Kylie Jenner probably seems like an obvious choice when thinking about celebrities to write about in the online world. Her social media presence has given her a whole new claim to fame (possibly her only claim). Kylie’s Instagram is so revered by fans, that Glamour Magazine published her tips on “How to Take a Good Selfie”. My personal favorite piece of advice, “It’s really weird when people post constant selfies.” The irony of this pointer is almost too much to handle. (See image below)
…does this face ever get old?
All selfies aside, Kylie Jenner’s strong presence on social media, the fact that she is only sixteen and the influence she has on her followers, all contributed to my decision in choosing to study her self-performance on Instagram.
Amy Dobson in “The ‘grotesque body’ in young women’s self presentation on Myspace” discusses the way both celebrities and femininity are represented in fashion magazines.
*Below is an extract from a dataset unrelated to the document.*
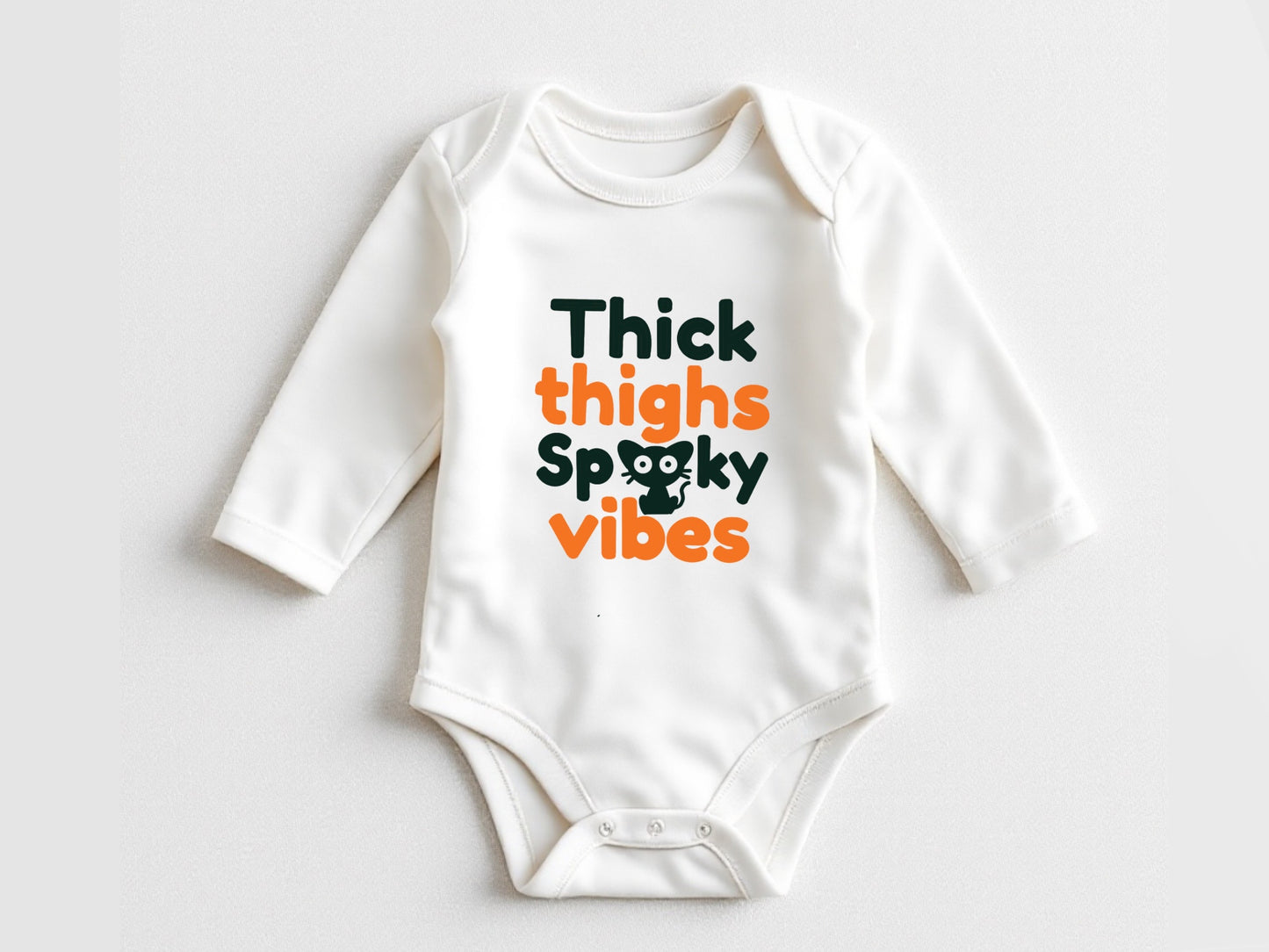 Thick thighs spooky vibes onesie® - funny Halloween baby onesie with long sleeves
She states, “the poses are non-naturalistic, but rather static, theatrical, framed, and classically feminine, so that whilst the celebrity may look at the viewer, she remains symbolically distant from the viewer, ‘out of reach’, and an object of idealisation. The image that results of the celebrity in question is a fetishised and idealised one…”(13)
In contrast to this representation is the tabloid magazines which aim to demystify celebrities in a “grotesque” and shaming manner. Social media complicates this relationship between producer and publisher because now users can be both. They have the capability of both creating and sharing their own images. In the case of Kylie Jenner, the pictures she posts are very much classical representations of femininity. They are highly stylized and she appears frozen in time, similar to the representations seen in high fashion magazines. Even though Instagram is a non-professional photo medium, her selfies have the same characteristics of an editorial magazine. Not only are these idealized photos, many times they are overtly sexual and appealing to the male gaze. Her photos perfectly embody the concept of “heterosexy”. Images that aim at being attractive to men and take cues from pornography. They are images that mix traditional girlishness with porn sexuality. It may be that Kylie Jenner is not only the perfect example of “heterosexy” among teenagers online, but also that she is an influence spreading and making this trend even more prevalent by giving tips to fans on how to take photos more like her own.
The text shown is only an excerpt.